Erika Bsumek recommends:
Margot Mifflin, The Blue Tattoo: The Life of Olive Oatman (2011).
In 1851, the 13 year old Oatman was part of a Mormon family traveling west. She was captured by the Yavapai Indians and then traded to the Mohave, who adopted her. The book tells her story and provides some valuable context on the various Mormon sects, the tensions and troubles faced by American Indians in the face of American expansion, and how one young woman experienced it all.
Laurie Green recommends:
Jeanne Theoharis, The Rebellious Life of Mrs. Rosa Parks. (2013)
Think you know who Rosa Parks was? Jeanne Theoharis’s biography will change your understanding of the woman who became famous for triggering the Montgomery Bus Boycott in 1955 when she was “too tired” to relinquish her seat on a city bus to a white passenger. The book tells you the real story of Parks’s militant activism from the 1930s to the 1990s and her frustration with being recognized as a symbol, not a leader.
Emilio Zamora recommends:
Cynthia E. Orozco, No Mexicans, Women, or Dogs Allowed; The Rise of the Mexican American Civil Rights Movement (2009)

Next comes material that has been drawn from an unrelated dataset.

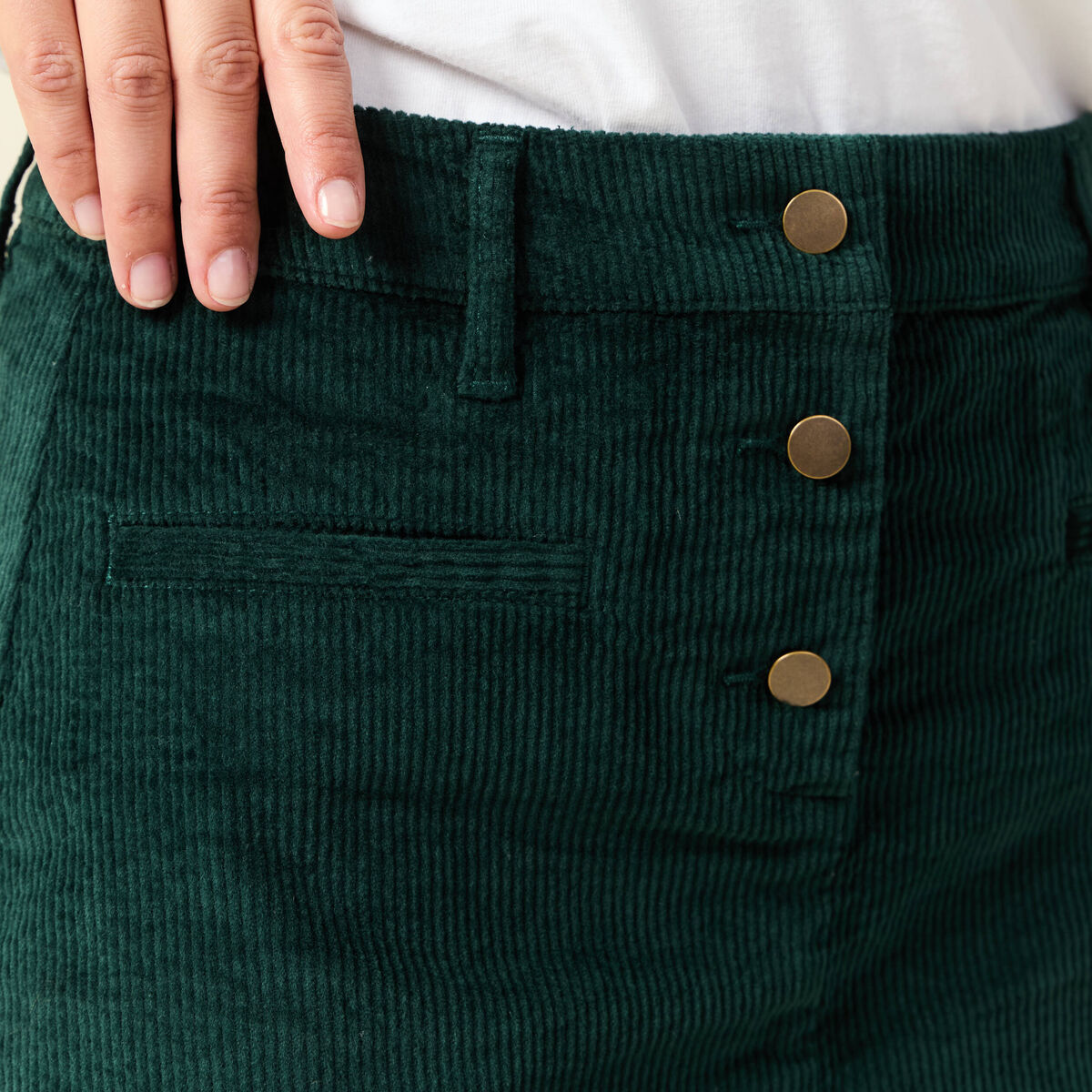 Jupe vert fonc&eacute; femme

The book is a re-examination of the League of United Latin American Citizens, the longest running Mexican American civil rights organizations. Orozco is a well-known historian who incorporates women and gender in her histories of Mexican Americans. In this instance, women are placed at center stage in the cause for equal rights and dignity.
Jackie Jones recommends:
Ellen Fitzpatrick, The Highest Glass Ceiling: Women’s Quest for the American Presidency (2016).
A great read and couldn’t be more timely! The book focuses on three women candidates for the presidency: Victoria Woodhull (ran in 1872), Margaret Chase Smith (1964), and Shirley Chisholm (1972).
Daina Berry recommends:
Talitha LeFlouria, Chained in Silence: Black Women and Convict Labor in the New South (2016)

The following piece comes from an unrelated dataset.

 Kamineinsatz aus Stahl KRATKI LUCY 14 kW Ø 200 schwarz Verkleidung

From the UNC Press website:
In 1868, the state of Georgia began to make its rapidly growing population of prisoners available for hire. The resulting convict leasing system ensnared not only men but also African American women, who were forced to labor in camps and factories to make profits for private investors. In this vivid work of history, Talitha L. LeFlouria draws from a rich array of primary sources to piece together the stories of these women, recounting what they endured in Georgia’s prison system and what their labor accomplished. LeFlouria argues that African American women’s presence within the convict lease and chain-gang systems of Georgia helped to modernize the South by creating a new and dynamic set of skills for black women. At the same time, female inmates struggled to resist physical and sexual exploitation and to preserve their human dignity within a hostile climate of terror. This revealing history redefines the social context of black women’s lives and labor in the New South and allows their stories to be told for the first time.
Charlotte Canning recommends:
Jayna Brown, Babylon Girls: Black Women Performers and the Shaping of the Modern (2008)

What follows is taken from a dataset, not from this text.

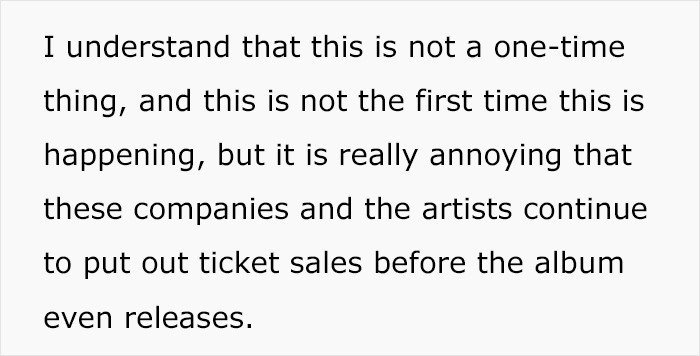 Text excerpt discussing fan frustration over early ticket sales for Harry Styles new tour before album release.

An award-winning cultural history of the African American women who were variety performers on chorus lines, in burlesques, cabarets, and vaudeville from 1890 to 1945. Despite the oppression they experienced, these women shaped an emerging urban popular culture. They pioneered social dances like the cakewalk and the Charleston. It is an ambitious view of popular culture and the ways in which women were integral to its definition.
Bruce Hunt and Megan Raby recommend:
Kimberly Hamlin, From Eve to Evolution: Darwin, Science, and Women’s Rights in Gilded Age America(2014)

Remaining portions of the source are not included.